→ **Task directions**
Using the records below, quote only the span that opens with the line containing "Silver chocker" and closes with the line containing "Batavia Hotel &", exactly and inclusively.

━━━━━ Records for the task ━━━━━

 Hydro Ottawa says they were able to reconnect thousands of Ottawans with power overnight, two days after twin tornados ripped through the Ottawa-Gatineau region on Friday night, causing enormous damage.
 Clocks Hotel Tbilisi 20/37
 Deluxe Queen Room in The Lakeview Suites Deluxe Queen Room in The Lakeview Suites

━━━━━
━━━━━ Records for the task ━━━━━

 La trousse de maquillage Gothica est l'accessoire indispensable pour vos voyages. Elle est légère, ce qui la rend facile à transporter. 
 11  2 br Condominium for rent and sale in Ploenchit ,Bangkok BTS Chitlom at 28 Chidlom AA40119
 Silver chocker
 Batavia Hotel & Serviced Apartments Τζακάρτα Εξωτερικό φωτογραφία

━━━━━

→ **Solution to this problem**
 Silver chocker
 Batavia Hotel & Serviced Apartments Τζακάρτα Εξωτερικό φωτογραφία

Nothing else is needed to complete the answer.